The Rebbe Rayatz shared ideas for making order out of chaos on American shores
After his imprisonment in the Soviet Union and his exile from his beloved chassidim behind the Iron Curtain, Rav Yosef Yitzchak Schneerson, the sixth Lubavitch Rebbe, didn’t fall into despair. With indefatigable energy, he left for the United States, to help those left behind, and to galvanize Jews there to forge a Torah society in the New World.
The return of Rabbi Schneersohn to America (he has recently left the country, after less than a year’s sojourn) would be a gain to the spiritual strength of Judaism here, and would strengthen the ties between the Jewries on both sides of the Atlantic.
—Isaac Rosengarten, Jewish Forum, August 30, 1930
Following the Bolsheviks’ rise to power and the establishment of the Soviet Union, Rav Yosef Yitzchak Schneersohn, the sixth Rebbe of Chabad-Lubavitch, known as the Rebbe Rayatz and the Frierdiker Rebbe, valiantly tried to keep the flame of Yiddishkeit and chassidus alive under increasingly adverse conditions.

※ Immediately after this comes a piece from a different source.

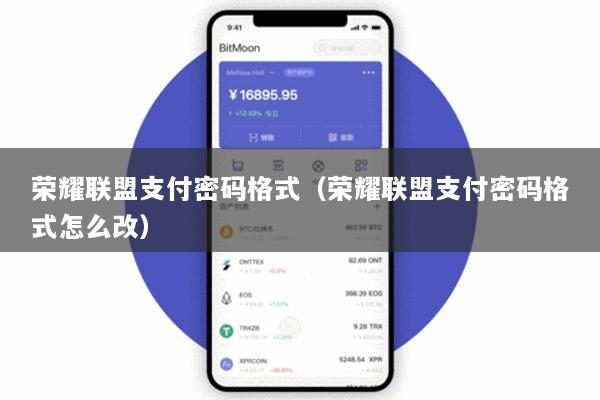 荣耀联盟支付密码格式(荣耀联盟支付密码格式怎么改)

In 1924, he moved his court from Rostov to Leningrad. Through a sophisticated network of personal emissaries and dedicated chassidim, he maintained clandestine religious schools and Tomchei Temimim yeshivos, as well as shuls, mikvaos, and availability of kosher food. The Joint Distribution Committee transferred funds to the Rebbe that he used to help many individuals and communities survive the Communists’ draconian antireligious measures.